The representer theorem states that, if $\H$ is an RKHS of reproducing kernel $K$ and $\Omega : \R^+\rightarrow \R^+$ is a strictly increasing function, then the solution to the problem above is of the form $$ f = \sum_{i=1}^N \alpha_i K( \g x_i, \cdot) $$ with $\alpha_i\in\R$ and the $\g x_i$'s corresponding to the points in the training set (those involved in $R_{emp}$).

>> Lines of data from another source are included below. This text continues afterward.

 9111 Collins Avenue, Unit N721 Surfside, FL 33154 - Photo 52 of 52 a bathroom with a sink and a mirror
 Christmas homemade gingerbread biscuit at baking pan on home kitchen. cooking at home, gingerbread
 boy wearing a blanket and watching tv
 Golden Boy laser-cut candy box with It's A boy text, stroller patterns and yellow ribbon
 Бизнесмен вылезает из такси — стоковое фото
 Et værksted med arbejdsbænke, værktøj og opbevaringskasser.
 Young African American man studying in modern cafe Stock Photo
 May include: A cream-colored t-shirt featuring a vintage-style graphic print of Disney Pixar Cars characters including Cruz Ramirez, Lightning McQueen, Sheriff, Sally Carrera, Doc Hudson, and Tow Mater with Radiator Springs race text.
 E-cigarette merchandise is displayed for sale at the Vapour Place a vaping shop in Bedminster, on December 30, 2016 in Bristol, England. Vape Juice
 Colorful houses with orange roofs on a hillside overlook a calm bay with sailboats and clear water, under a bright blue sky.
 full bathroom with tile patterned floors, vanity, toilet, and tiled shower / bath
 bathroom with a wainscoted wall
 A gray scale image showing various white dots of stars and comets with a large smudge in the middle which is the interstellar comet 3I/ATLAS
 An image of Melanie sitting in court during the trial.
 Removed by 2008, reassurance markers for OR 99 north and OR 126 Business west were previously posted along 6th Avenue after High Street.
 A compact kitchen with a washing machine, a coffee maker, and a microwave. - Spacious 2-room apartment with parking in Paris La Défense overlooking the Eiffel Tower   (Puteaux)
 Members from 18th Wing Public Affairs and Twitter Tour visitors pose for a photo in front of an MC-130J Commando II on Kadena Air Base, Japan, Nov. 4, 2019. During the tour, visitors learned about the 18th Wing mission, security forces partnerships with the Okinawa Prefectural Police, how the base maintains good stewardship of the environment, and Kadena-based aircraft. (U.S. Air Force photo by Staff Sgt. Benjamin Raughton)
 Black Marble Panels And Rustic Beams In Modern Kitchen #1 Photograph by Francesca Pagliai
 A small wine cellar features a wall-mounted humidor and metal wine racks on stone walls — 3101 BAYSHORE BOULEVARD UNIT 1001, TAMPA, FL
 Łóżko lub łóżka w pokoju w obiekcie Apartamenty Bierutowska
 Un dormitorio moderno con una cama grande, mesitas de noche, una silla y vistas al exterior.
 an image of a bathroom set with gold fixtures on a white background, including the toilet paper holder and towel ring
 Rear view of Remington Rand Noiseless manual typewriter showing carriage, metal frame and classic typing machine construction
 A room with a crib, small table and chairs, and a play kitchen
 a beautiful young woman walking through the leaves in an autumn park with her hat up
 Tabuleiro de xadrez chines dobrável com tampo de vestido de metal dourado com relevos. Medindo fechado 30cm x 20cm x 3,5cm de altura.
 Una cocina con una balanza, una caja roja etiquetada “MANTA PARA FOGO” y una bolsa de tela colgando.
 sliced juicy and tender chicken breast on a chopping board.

Proof: Let define the subspace induced by the images of the training points in $\H$, $$ \mathcal{S} = Span\left( \{K(\g x_i,\cdot)\}_{i=1}^N \right) , $$ and its orthogonal complement $$ \mathcal{S}^{\perp} = \left\{v \in \H\ :\ \inner{u}{v}_{\H} = 0,\ \forall u \in \mathcal{S} \right\} . $$ Since $\H$ is a Hilbert space, any function $f\in \H$ can be decomposed into a part in $\mathcal{S}$ and a part which is orthogonal to it, i.e., $$ f=u+v, \quad \mbox{ with } u\in\mathcal{S} \ \mbox{ and }\ v\in\mathcal{S}^\perp. $$ For all $\g x_i$'s in the training set, we can compute \begin{align*} f(\g x_i) &= \inner{K(\g x_i, \cdot)}{f}_{\H} & (\mbox{due to the reproducing property of } K ) \\ &= \inner{K(\g x_i, \cdot)}{ u + v}_{\H} \\ &= \inner{K(\g x_i, \cdot)}{ u }_{\H} + \inner{K(\g x_i, \cdot)}{ v}_{\H} & (\mbox{due to the distributivity of the inner product } ) \\ &= \inner{K(\g x_i, \cdot)}{ u}_{\H} & \left(\mbox{due to } K(\g x_i, \cdot)\in\mathcal{S} \mbox{ and } v\in\mathcal{S}^\perp \ \Rightarrow\ \inner{K(\g x_i, \cdot)}{ v}_{\H} =0 \right)\\ & = u(\g x_i) & (\mbox{due to the reproducing property of } K) . \end{align*} As a consequence, the output of $f$ at any training point does not depend on $v$ and neither does the empirical risk: $$ R_{emp}(f) = R_{emp}(u). $$
On the other hand, we have \begin{align*} \|f\|_{\H} &= \|u+v\|_{\H} \\ &= \sqrt{\inner{u+v}{u+v}_{\H} } \\ &= \sqrt{\inner{u}{u}_{H} + \inner{v}{v}_{\H} + 2\inner{u}{v}_{\H} } \\ &= \sqrt{\|u\|_{\H}^2 + \|v\|_{\H}^2 + 2\inner{u}{v}_{\H}} \\ &= \sqrt{\|u\|_{\H}^2 + \|v\|_{\H}^2 } & \left(\mbox{due to } u\in\mathcal{S} \mbox{ and } v\in\mathcal{S}^\perp \ \Rightarrow\ \inner{u}{ v}_{\H} =0 \right). \end{align*} Thus, we obtain that \begin{align*} v\neq 0 \quad \Rightarrow\quad \|v\|_{\H} > 0 &\quad \Rightarrow\quad \|f\|_{\H} > \|u\|_{\H} \\ &\quad \Rightarrow\quad \Omega(\|f\|_{\H}) > \Omega(\|u\|_{\H})& (\Omega \mbox{ is strictly increasing} ). \end{align*} Therefore, for any $f = u+v$ with $v\neq 0$, there is a function $f^* = u\in \mathcal{S}$ with same empirical risk but smaller norm, i.e., a function leading to a lower value of the objective function. Conversely, $f$ cannot be a minimizer unless its part in $\mathcal{S}^\perp$ is null, i.e., unless it belongs to $\mathcal{S}$.